IMF: Equity based global institution or systemically important financial institution

   The IMF is an equity based financial institution with countries as share holders, who are represented on the IMF board by elected Executive Directors (except 5 heriditary 'peers'). It is important to understand the differences and similarities with private financial institutions, so as to adopt practices from the latter to increase efficency.  One of the most fundamental differences is that IMF shares are not tradable but assigned to member countries by means of a Quota formula. The quota formula determines the maximum share holding and vote share of individual countries, though a country can in principle, not take up its full entitlement if it does not have the funds or is not interested in the higher vote share.  A related difference is that all loans made by the IMF (its principle financial expendiduteres)  have to be approved by the executive board. These differences are (except the heriditary rights) appropriate for a global economic institution!
    In other respects there is nothing in the "articles of agreement of the IMF" preventing it from acting like a systemically important private financial institution, only self imposed restrictions/practices that can and should be changed. The IMF should use a mix of equity and market debt (borrowing from private global markets) to carry out its primary work of lending to countries in need of liquidity support.  A debt-equity ratio of 4:1 (say) would be quite consistent with a safe conservative financial institution, while allowing the IMFs lending resources to be five time its equity base.  As a macroprudential policy the approved debt;equity ratio could be allowed to vary around a mean value depending on the state of the Global economy.  Thus the debt:equity limit would be allowed to rise automatically during the upside and peak of the cycle and fall on the downside and trough of the cycle.  This would add a global automatic stabiliser to the World economy and also allow the IMF to respond more flexibly and quickly to liquidity crises arising from financial crises.
   There would be no need for special arrangements such as NAP/NAB that have been criticised as 'government bail outs' and give rise to a replay of governance and control issues that should be settled once and all through a modern, 21st century quota formula.  One welcome outcome would be to subject IMF lending, which is professedly for meeting liquidity problems, to some market discipline.
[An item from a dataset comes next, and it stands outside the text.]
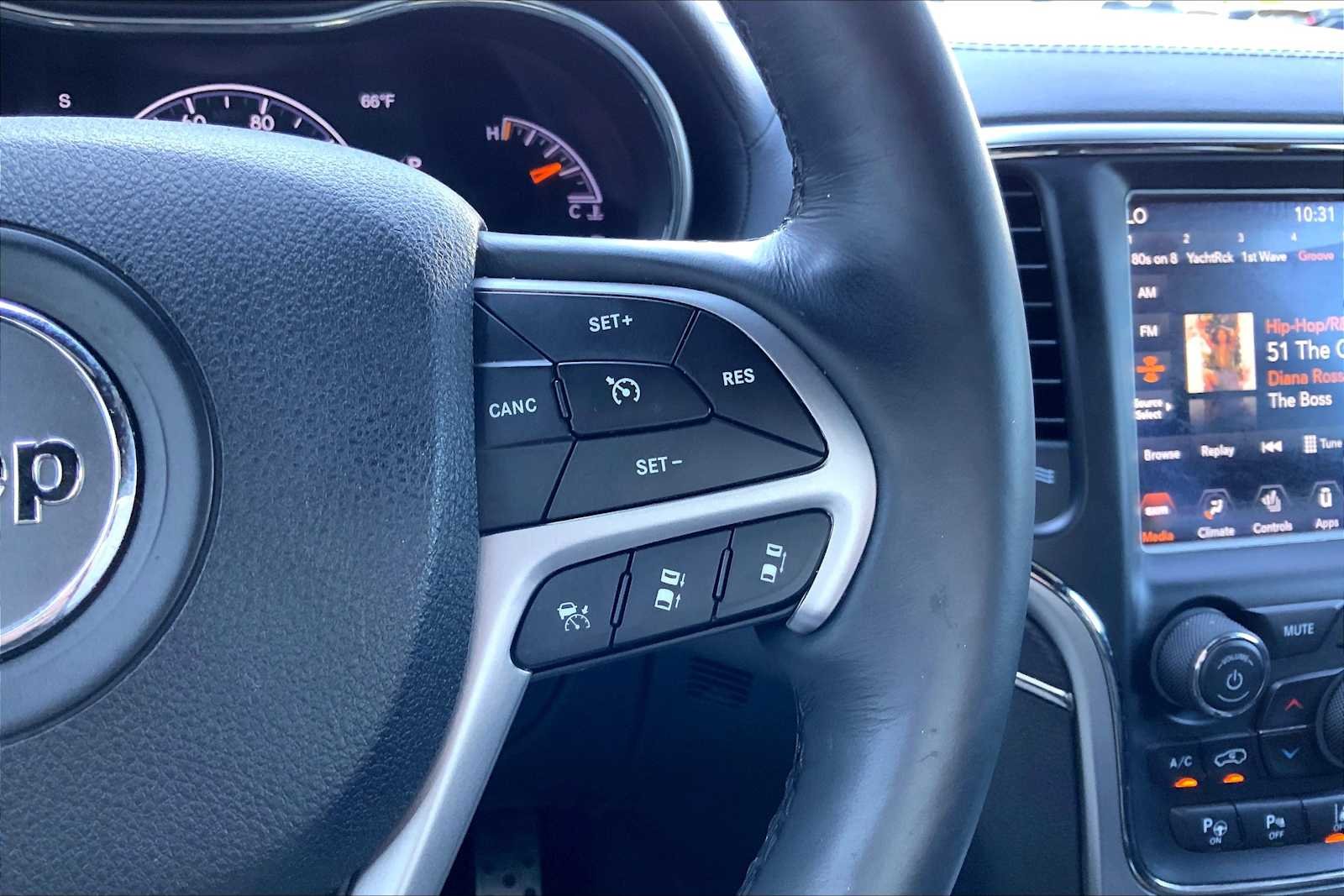 Used 2018 Diamond Black Crystal Pearlcoat Jeep High Altitude image 24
This is particularly important for lending to countries who are likely to remain on the border line of solvency (below or above), even if stringint policy reforms are carried out (conditionality).  This reform would also allow the total resource requirements of the fund to be easily met by relatively small adjustments (up or down) in the total outstanding equity, as is routinely done in private institutions.
    Traditionally the IMF quota has also determined access to IMF loan funds.  Since the start of the global financial crisis the link between the IMF quota and the maximum allowed borrowing from it has been decisively broken. Many countries have recieved loans of 100s of per cent's their quota while some have recieved loans of 1000s of per cent's their quota.  Thus the link between the quota and access (borrowing limit) has been decisively broken.  The argument that as a matter of principle the quota formula must have variables determining access is not credibile given this recent history.  More important is the practical link between GDP and these new loan levels, which has clear implications for raising the weight of GDP in the formula.